Record extracts:
┄┄┄┄┄┄┄┄┄┄
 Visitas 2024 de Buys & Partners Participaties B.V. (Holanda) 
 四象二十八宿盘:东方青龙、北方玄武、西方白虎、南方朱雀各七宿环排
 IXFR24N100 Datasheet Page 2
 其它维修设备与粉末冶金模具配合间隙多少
┄┄┄┄┄┄┄┄┄┄
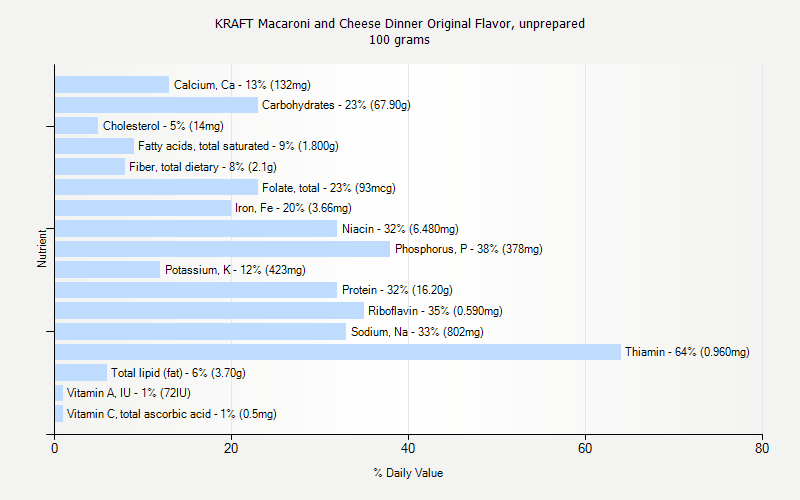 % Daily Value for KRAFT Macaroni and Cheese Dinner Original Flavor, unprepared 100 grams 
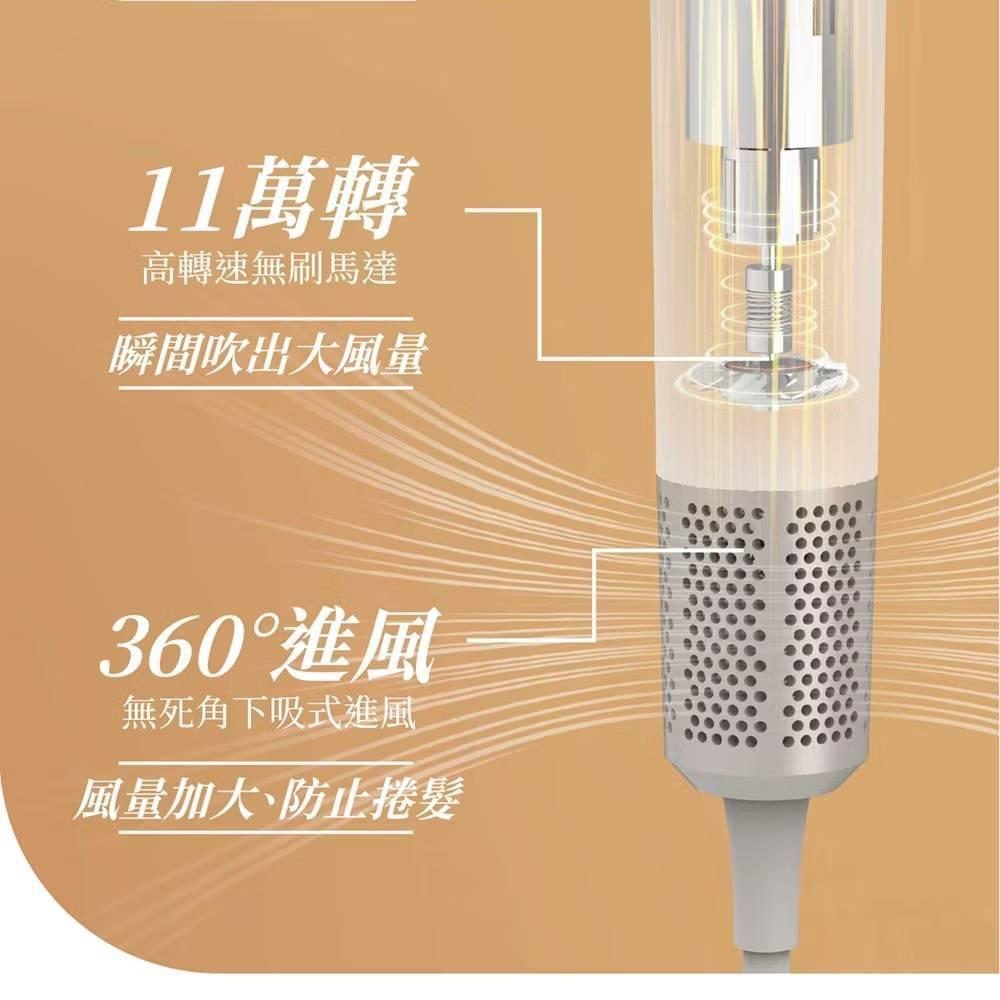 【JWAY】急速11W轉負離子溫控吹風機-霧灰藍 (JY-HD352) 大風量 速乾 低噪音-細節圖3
┄┄┄┄┄┄┄┄┄┄
Task objective: Would you please write out, exactly and with no other lines, the stretch of the listing above from the line containing "IXFR24N100 Datasheet Page 2" through the line containing "其它维修设备与粉末冶金模具配合间隙多少"?

Output of the task:
 IXFR24N100 Datasheet Page 2
 其它维修设备与粉末冶金模具配合间隙多少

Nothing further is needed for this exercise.